[Scraped caption text data]
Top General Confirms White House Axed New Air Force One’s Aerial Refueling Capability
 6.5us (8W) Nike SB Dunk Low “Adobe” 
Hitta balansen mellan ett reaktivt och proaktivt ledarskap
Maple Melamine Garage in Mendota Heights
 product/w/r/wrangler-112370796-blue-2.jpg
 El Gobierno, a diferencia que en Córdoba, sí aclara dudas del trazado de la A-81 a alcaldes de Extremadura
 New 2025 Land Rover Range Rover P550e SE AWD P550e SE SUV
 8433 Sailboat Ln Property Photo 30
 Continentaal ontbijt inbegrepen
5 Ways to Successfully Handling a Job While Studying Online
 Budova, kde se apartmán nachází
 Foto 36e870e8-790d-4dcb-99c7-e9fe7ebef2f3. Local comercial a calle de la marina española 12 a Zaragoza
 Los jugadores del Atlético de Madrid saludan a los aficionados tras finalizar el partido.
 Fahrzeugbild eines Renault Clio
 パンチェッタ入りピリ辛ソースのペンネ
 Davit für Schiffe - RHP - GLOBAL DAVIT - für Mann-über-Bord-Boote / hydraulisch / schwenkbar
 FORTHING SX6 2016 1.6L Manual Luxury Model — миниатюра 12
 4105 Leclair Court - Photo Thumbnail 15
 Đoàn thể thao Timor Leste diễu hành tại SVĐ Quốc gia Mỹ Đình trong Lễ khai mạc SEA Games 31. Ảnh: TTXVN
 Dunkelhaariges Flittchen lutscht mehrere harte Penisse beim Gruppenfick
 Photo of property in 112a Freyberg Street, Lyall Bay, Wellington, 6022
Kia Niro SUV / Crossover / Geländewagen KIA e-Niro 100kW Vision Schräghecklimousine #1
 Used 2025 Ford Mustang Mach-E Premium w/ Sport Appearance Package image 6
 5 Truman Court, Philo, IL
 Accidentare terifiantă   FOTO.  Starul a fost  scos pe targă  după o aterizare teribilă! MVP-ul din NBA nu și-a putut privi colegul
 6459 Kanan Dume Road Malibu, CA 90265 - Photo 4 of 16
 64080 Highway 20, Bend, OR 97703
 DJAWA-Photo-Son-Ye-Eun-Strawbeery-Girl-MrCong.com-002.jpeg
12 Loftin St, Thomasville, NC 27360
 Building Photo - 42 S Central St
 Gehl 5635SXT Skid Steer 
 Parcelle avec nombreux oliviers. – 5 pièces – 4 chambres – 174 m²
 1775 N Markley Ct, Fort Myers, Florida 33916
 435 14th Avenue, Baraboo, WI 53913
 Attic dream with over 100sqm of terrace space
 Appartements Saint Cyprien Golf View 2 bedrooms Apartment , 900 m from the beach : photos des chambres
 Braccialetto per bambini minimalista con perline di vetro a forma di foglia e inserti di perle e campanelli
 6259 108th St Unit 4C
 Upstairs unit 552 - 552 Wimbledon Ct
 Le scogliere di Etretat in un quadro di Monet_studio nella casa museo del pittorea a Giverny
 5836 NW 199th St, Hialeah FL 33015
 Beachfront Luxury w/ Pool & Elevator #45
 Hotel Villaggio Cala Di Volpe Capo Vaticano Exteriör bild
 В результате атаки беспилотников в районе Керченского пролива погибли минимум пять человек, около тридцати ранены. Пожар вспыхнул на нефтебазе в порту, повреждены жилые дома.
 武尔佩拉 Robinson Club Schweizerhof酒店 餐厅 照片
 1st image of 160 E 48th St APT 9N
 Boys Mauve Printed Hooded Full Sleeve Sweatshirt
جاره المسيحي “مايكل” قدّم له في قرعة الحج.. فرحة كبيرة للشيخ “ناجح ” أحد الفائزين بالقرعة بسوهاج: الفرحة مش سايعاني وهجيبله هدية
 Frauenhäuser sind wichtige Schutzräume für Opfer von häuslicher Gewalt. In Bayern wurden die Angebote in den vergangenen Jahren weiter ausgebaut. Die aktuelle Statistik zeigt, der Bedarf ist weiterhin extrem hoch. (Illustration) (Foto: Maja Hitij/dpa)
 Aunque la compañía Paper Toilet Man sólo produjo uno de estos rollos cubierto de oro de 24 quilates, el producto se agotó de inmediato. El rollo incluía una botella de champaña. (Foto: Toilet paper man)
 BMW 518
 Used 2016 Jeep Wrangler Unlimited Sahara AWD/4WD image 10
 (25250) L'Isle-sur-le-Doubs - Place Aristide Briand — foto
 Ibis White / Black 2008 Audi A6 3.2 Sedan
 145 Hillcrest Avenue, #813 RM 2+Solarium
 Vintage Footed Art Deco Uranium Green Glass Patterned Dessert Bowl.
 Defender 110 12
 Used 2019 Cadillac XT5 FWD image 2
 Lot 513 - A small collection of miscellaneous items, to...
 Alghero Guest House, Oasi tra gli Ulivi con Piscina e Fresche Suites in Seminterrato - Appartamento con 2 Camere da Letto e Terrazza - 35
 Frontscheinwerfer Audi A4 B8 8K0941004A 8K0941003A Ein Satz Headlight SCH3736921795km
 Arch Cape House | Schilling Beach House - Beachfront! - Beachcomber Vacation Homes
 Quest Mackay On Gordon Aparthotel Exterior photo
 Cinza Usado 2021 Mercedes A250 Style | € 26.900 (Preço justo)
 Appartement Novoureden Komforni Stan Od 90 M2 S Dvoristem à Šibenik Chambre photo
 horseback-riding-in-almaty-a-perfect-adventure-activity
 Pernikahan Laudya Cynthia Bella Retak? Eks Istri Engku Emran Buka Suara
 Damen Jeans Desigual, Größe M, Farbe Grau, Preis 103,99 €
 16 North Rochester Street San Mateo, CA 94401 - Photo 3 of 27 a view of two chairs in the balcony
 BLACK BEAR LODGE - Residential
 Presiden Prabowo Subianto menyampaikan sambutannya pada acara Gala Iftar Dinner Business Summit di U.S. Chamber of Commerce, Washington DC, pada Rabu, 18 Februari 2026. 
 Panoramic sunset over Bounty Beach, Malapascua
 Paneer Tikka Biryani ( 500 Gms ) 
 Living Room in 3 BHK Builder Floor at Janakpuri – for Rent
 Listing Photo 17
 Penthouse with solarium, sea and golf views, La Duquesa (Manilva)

TASK STATEMENT: Your task is to gather all lines from the entries above that hold the word "White".

WRITTEN RESPONSE:
Top General Confirms White House Axed New Air Force One’s Aerial Refueling Capability
 Ibis White / Black 2008 Audi A6 3.2 Sedan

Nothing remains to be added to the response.